Além de tudo que se disse sobre o fato de Honduras - o 2º país mais pobre das Américas - poder ser tomado como "tubo de ensaio" para uma reação da direita no continente e que a defesa de Zelaya em Honduras é sim, a defesa da liberdade no Continente todo, me salta ao olhos outra pérola do cinismo midiático no trato ao presidencialismo e a reeleição.


A questão começa com Zelaya contrariando a Constituição ao permitir que o povo hondurenho decida se ele, Zelaya, poderia concorrer a novo mandato subsequente ao atual: ou seja, se permitiria a reelaição no país.

Ato contínuo, a oposição burguesa-classe média hondurenha dá o golpe (é preciso que se diga; não há governo provisório ou governo de fato; há governo GOLPISTA com Micheletti!). Os próceres da direita ecoam a mesma ladainha de "crise da democracia", "poder perpétuo", "ditaduras chavistas se espalhando" e todo aquele chororô diário...

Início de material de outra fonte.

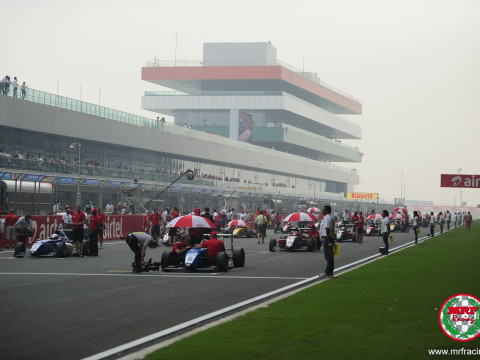 MRF MMSC FMSCI Indian National Car Racing Championship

Então começemos a pensar na tal reeleição - que no Brasil já se falou até em "treleição" (sic).


Em meados dos anos 90, FHC I, aprovou a reeleição no Brasil. Naquela época tudo estava em ordem. Não havia abalo a nenhum princípio democrático universal e nem o alicerce da alternância de poder esteve abalado. tudo estava no seu devido lugar - inclusive as altas propinas pagas para aprovar a Emenda Constitucional que criava a reeleição no Brasil. Tucanagens da vida! E veio FHC II...

Anos adiante, Chávez na Venezuela, atravéz de referendos e plebiscitos, sucessivamente ganha a possibilidade de concorrer novas eleições e acumular mandatos em sequência. A Venezuela vira palco das eleições mais vigiadas e fiscalizadas do mundo; e recebe dos observadores internacionais o título de eleições limpas, seguras e democráticas... Mas Chávez é vilanizado mundialmente ...

Com Evo, na Bolívia, deu-se espetáculo similar.


Mas quando Uribe, da Colômbia, cogitou a possibilidade de mais uma reeleição; a caixa de reessonância dos arautos da democracia não ecoou. Aliás, quando Uribe alterou a Constitutição de seu país e instituiu a possibilidade de uma reeleição, nos moldes do modelo brasileiro, e venceu a disputa em 2006 não havia nada de errado. Agora já cogitam a libera~ção para que concorra a mais um pleito, em 2011 - podendo chegar até 15 anos de governo, já que os mandatos presidenciais na Colômbia são de 5 anos. Sem problemas!

Esta breve comparação da história recente escancara o elemento ideológico que cruza nosso continente e garante a medalha de OURO para a Grande Mídia, na modalidade cinismo sem barreiras!